Akankah Israel Benar-benar Hilang Dua Tahun Lagi?
Oleh: Ahmed Al-Hilal
Kasus perang di Gaza membebani dua kandidat yang bersaing dalam pemilihan umum untuk Gedung Putih, Kamala Harris dan Donald Trump. Dalam debat televisi mereka, masing-masing kandidat sama menekankan pentingnya keamanan Israel dan haknya untuk membela diri. Harris menunjukkan perlunya pertahanan Israel dilakukan dengan cara yang bertanggung jawab dan mempertimbangkan warga sipil; mengacu pada ketidakpuasannya terhadap pembantaian yang sedang berlangsung hingga saat ini.
Sementara Donald Trump menyerang kebijakan pemerintahan Biden, yang tidak mampu mencapai perdamaian dan stabilitas di Kawasan. Trump menyatakan bahwa Harris “membenci Israel” dan jika dia menjadi presiden “Israel akan lenyap dalam waktu dua tahun.”
Patut dicatat bahwa kedua kandidat berbeda pendapat dalam cara menyikapi agresi yang sedang berlangsung di Jalur Gaza dan konsekuensinya, karena Trump menghindari jawaban langsung, sementara Harris menyerukan penghentian segera perang dan kepatuhan terhadap gagasan perdamaian solusi negara. Iya menyinggung Trump sebelumnya telah menyerukan penghentian perang, dan menyatakan bahwa dia adalah presiden ketika perang terjadi, tanpa menjelaskan bagaimana dia bisa melakukan hal itu.
Mengenai isu solusi dua negara, menurut pengalaman Trump pada masa kepresidenannya sebelumnya, hal ini lebih dekat dengan tujuan Benjamin Netanyahu yang memberikan Palestina pemerintahan mandiri di bawah kedaulatan Israel.
Hak Membela Diri
Komitmen kedua kandidat dalam perdebatan mengenai keamanan Israel dan haknya untuk mempertahankan diri, meskipun ini sikap klasik dalam kebijakan Amerika, namun kali ini berbeda secara esensi. Selama tujuh dekade terakhir, Washington mengandalkan kekuatan Israel yang luar biasa sebagai sekutu strategis yang dapat diandalkan dalam misi yang sulit dan kompleks di Timur Tengah. Kini, kelemahan strategis Israel telah terungkap, terutama ketidakmampuannya mempertahankan diri.

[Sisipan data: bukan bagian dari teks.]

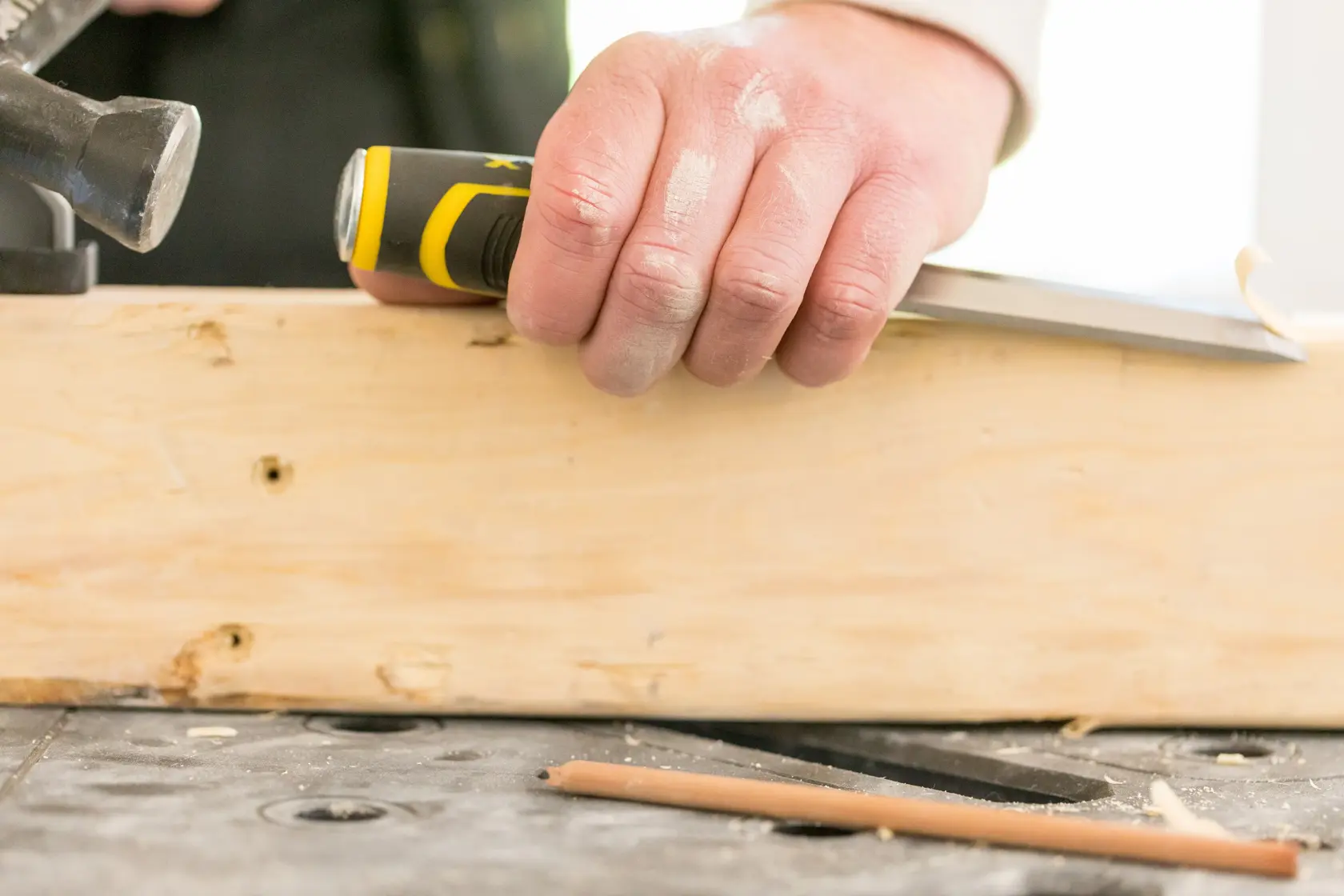 STANLEY FMHT16693-0 chisel with yellow and black handle in hand carving wood close-up.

Kelemahan ini tidak hanya ketika menghadapi negara-negara regional, seperti yang terjadi pada serangan rudal Iran, meskipun terbatas, pada malam tanggal 14 April lalu, sebagai respons terhadap pemboman Tel Aviv terhadap konsulat Iran di Damaskus. Begitu pula setelah Iran dan Hizbullah mengancam akan membalas pembunuhan Ismail Haniyeh di Teheran, dan pejabat militer Hizbullah Fouad Shukr di Beirut. Pada kedua momen tersebut, Washington mengerahkan armada dan sekutunya untuk melindungi Israel. Namun kelemahan terbesar terlihat saat menghadapi ketegaran rakyat Palestina yang tidak berdaya dan serangan Brigade Al-Qassam dengan senjata primitif pada tanggal 7 Oktober 2023 melalui operasi Badai Al-Aqsa. Washington, bersama presiden dan tentaranya, bergegas melindungi Israel dan merencanakan serta melaksanakan pertempuran paling sengit di Jalur Gaza.

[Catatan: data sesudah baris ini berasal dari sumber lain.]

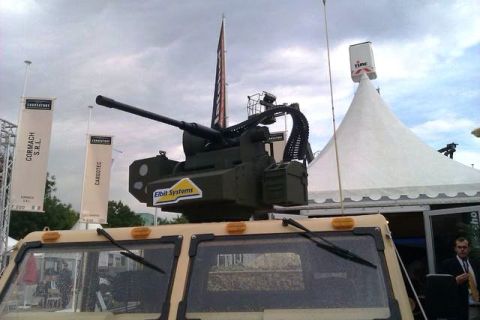 1991 Ford Crown Victoria - A tan military vehicle is equipped with a complex weapon system, with banners and a tent visible in the background.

Ini persimpangan sejarah negara pendudukan/penjajah Israel menunjukkan bahwa Israel, meskipun memiliki posisi strategis bagi Washington, kini menjadi lebih merugikan Amerika Serikat dibandingkan sebelumnya. Ketika ketidakmampuannya untuk mempertahankan diri terus berlanjut, hal ini berubah menjadi luka menganga yang mungkin tidak akan pernah sembuh di telapak tangan Amerika. Lebih-lebih upaya kekuatan sayap kanan ekstrim di Israel, yang dipimpin oleh Netanyahu, untuk membuka konflik eksistensial berkelanjutan yang terjadi di Timur Tengah yang mengembalikan momen tahun 1948, dengan ketegangan yang semakin meluas di masyarakat Kawasan Arab melawan Israel dan Amerika Serikat, yang memberi Israel perlindungan dan legitimasi politik dan dukungan militer terbuka untuk membunuh warga Palestina yang tidak berdaya dan mengancam mereka dengan mengusir mereka dari Jalur Gaza dan Tepi Barat dan risiko yang ditimbulkannya terhadap stabilitas regional terutama dengan Mesir dan Yordania.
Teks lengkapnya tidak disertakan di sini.